Problem Context
Traditional authentication systems rely on point-in-time validation, typically performed during login using passwords, tokens, or multi-factor authentication. Once authenticated, users are implicitly trusted for the duration of the session. This assumption no longer holds in modern enterprise environments where threats such as session hijacking, credential theft, insider misuse, and malware-driven account takeover are increasingly common.
Session-based authentication models are fundamentally reactive. They detect compromise only when credentials are reused or explicitly revoked, leaving a significant window of exposure after initial access is granted. In distributed and cloud-based systems, where sessions can span long durations and multiple services, this risk is further amplified.
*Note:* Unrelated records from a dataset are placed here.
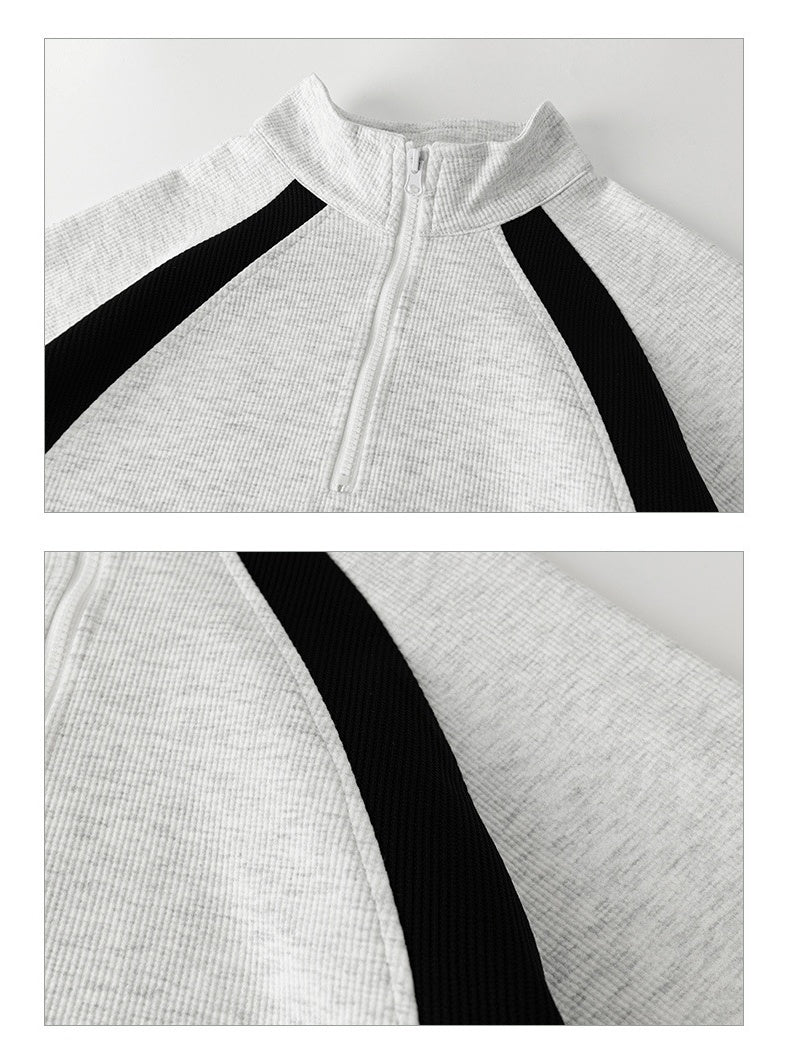 Color-blocked Half Zipper Loose-fit 2-piece Sets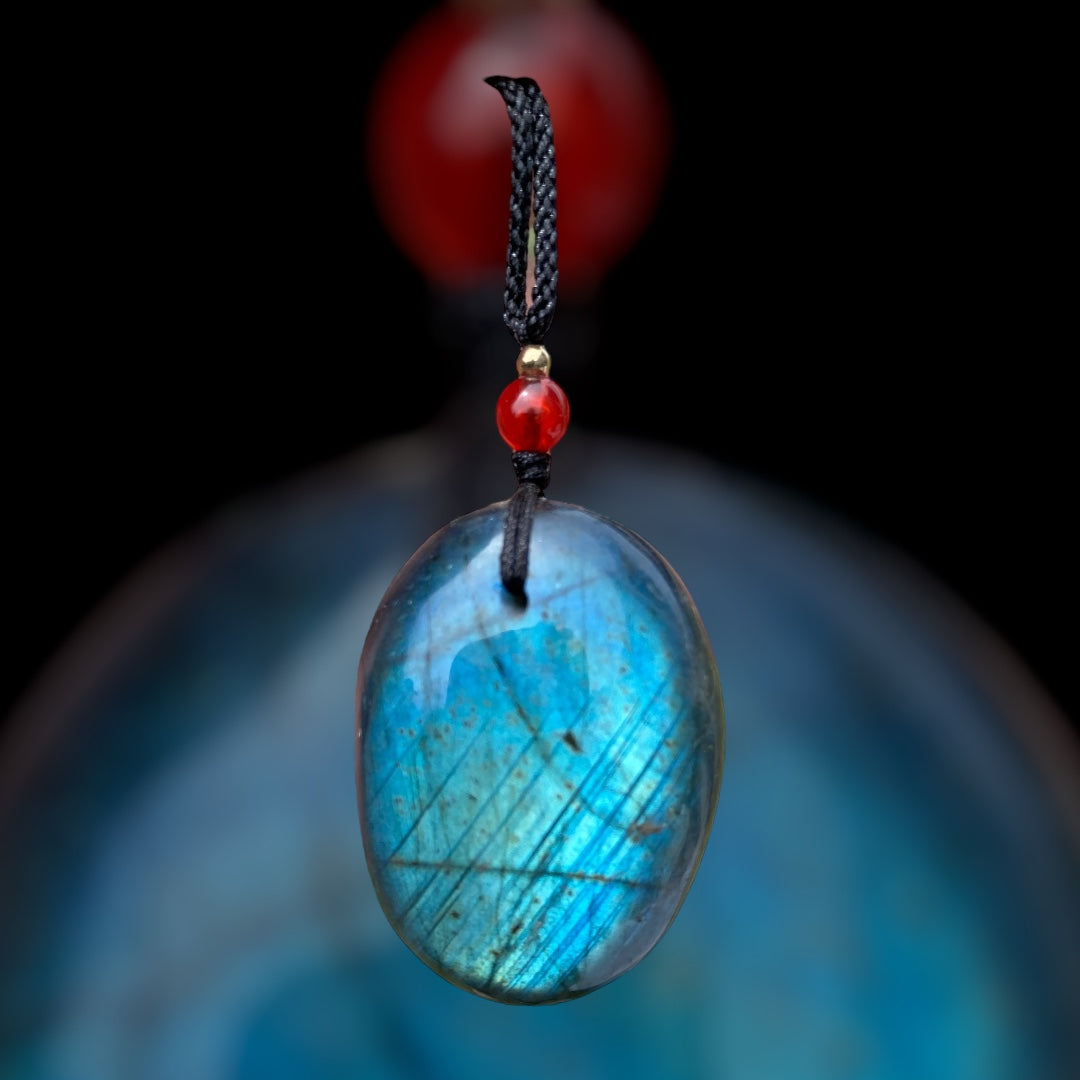 Labradorite Pendant Necklace – Natural Blue Flash Gemstone | Adjustable Cord | Healing Crystal Jewellery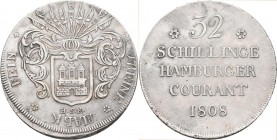 Hamburg: 32 Schillinge Hamburger Courant 1808 HSK. 18,4 g. AKS 12, Jaeger 38, Kahnt 188. Sehr schön.
 [taxed under margin system]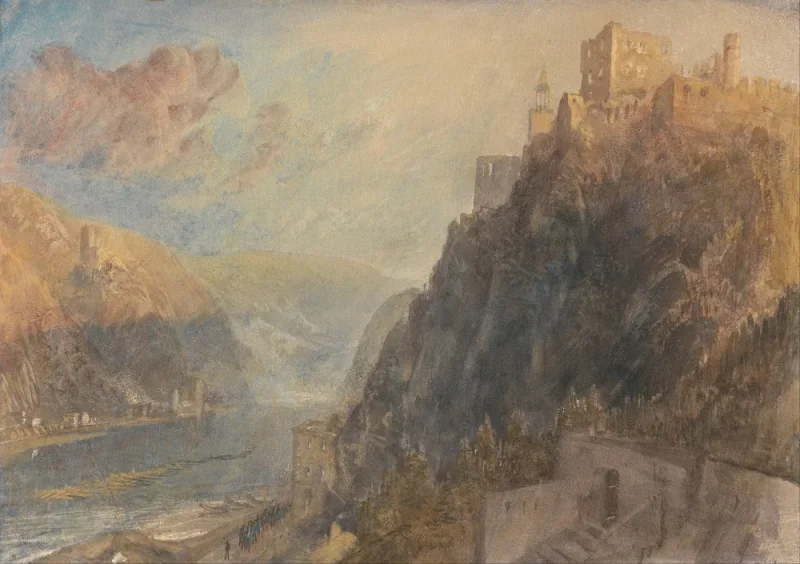 William Turner | Rheinfels med udsigt til Katz og Gourhausen - 1817 | Indrammet kunsttryk | Romantic | formida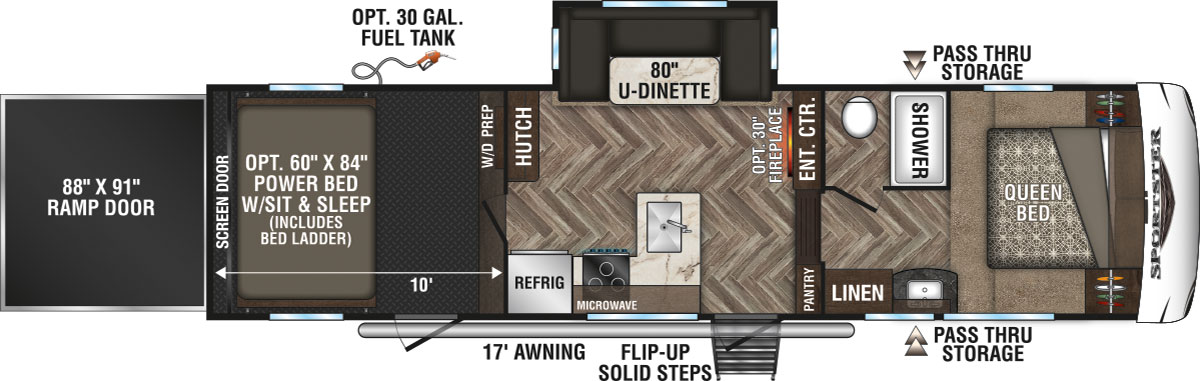 2020 KZ RV Sportster 311TH10 Fifth Wheel Toy Hauler Floorplan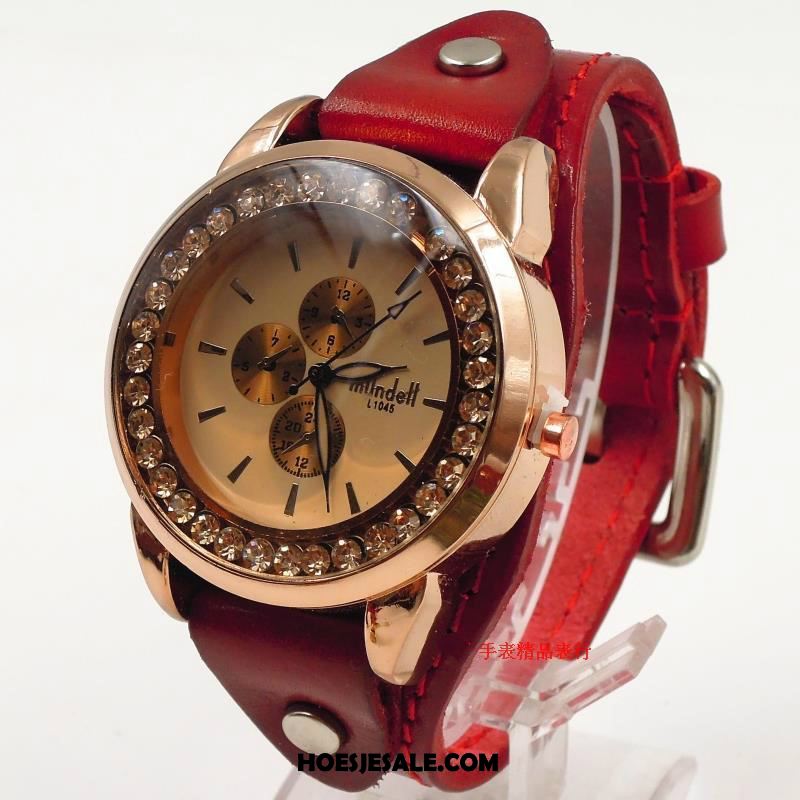 Horloges Dames Horloge Lang Echt Leer Vrouwen Riem Kopen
Continuous authentication addresses this gap by validating user identity throughout an active session based on behavioral and contextual signals. However, implementing continuous authentication in practice is non-trivial. Single-modality approaches, such as keystroke dynamics or mouse behavior alone, often suffer from limited robustness, sensitivity to noise, and high false-positive rates. User behavior is inherently variable, influenced by context, workload, and environment, making reliance on a single signal unreliable.
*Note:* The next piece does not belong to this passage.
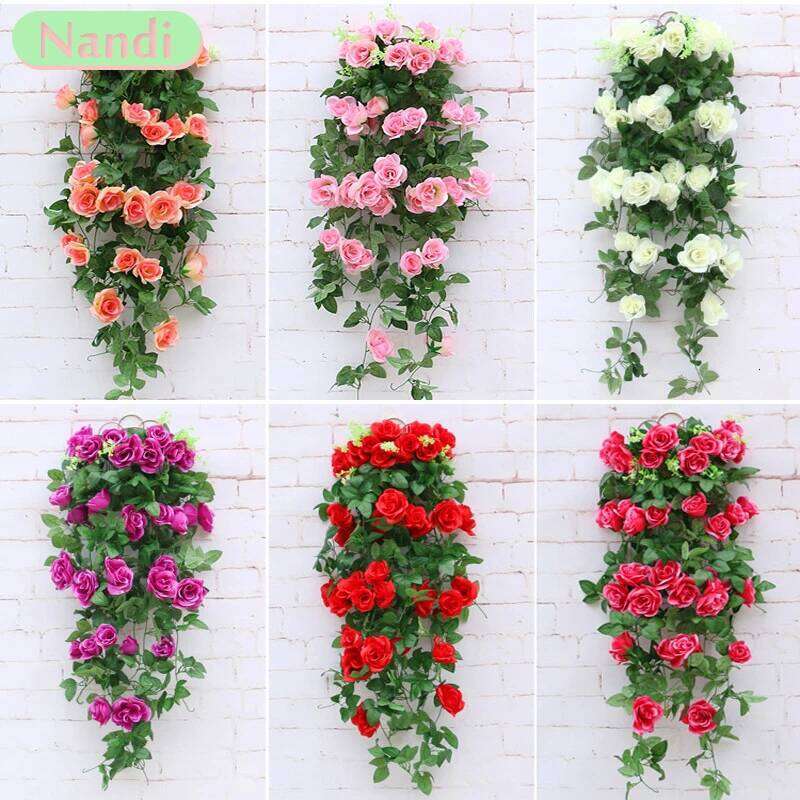 Artificial Flower Rattan Fake Plant Vine Wall Hanging Roses Flowers for Home Wed Party interior outdoor Decoration Y260130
Enterprise deployment introduces additional constraints. Continuous authentication systems must operate with low latency to avoid disrupting user experience, respect privacy and regulatory requirements, and scale across large user populations. They must also integrate cleanly with existing identity and access management platforms without introducing operational complexity or instability.
These challenges motivate the need for a multimodal approach that combines multiple behavioral and contextual signals to improve reliability and adaptability. By leveraging deep learning–based feature extraction and fusion, this work explores how continuous authentication can be made both effective and practical for enterprise identity systems.